"Suci, maukah kau menikah denganku? Dengan duda yang pernah gagal membina rumah tangga? Bisakah kamu menjaga kepercayaanku, bahkan saat aku tidak ada?" Ardi melamarku setelah dua kali kami bertemu lewat perantara ibuku. Sebuah lamaran yang istimewa karena tidak didahului pacaran sebelumnya.
Kami juga tidak saling mengenal kecuali hanya lewat ibu masing-masing. Orangtua kami berteman. Dan perkenalan aku dengan Ardi tak lain adalah ide orangtua yang ingin anak-anaknya segera berumah tangga.
Pertama melihat Ardi, aku sudah suka. Pembawaannya tenang, tatapan matanya tajam, tubuhnya atletis. Sebagai seorang wartawan, Ardi Sanjaya, 32 tahun, juga termasuk tipe pria yang pintar. Ia cerdas. Sering mendapat tugas dari kantornya untuk liputan ke luar kota, luar pulau, bahkan luar negeri. Masalah kemapanan, tak perlu ditanya. Ardi punya segalanya.

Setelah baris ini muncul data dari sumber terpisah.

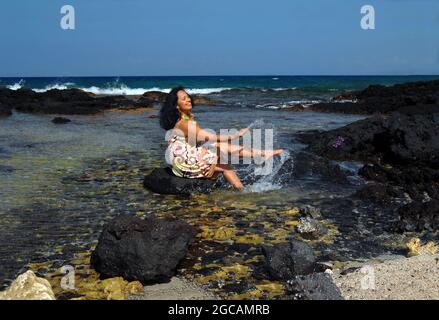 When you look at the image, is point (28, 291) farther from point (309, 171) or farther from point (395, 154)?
point (395, 154)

Aku sendiri berusia 28 tahun. Seorang pengusaha. Aku punya bisnis fashion wanita yang cukup berjaya. Aku sudah mandiri secara finansial. Namun belum ada pria yang hendak melamar. Jomlo tulen.
Kejomloanku bukan tanpa alasan. Dahulu aku liar.
Sebagai pegawai di salah satu kantor swasta yang suka mengenakan rok mini, aku bergaul bebas dengan teman kerja. Aku menyerahkan kesucianku padanya di suatu malam. Saat ada dinas luar. One night stand.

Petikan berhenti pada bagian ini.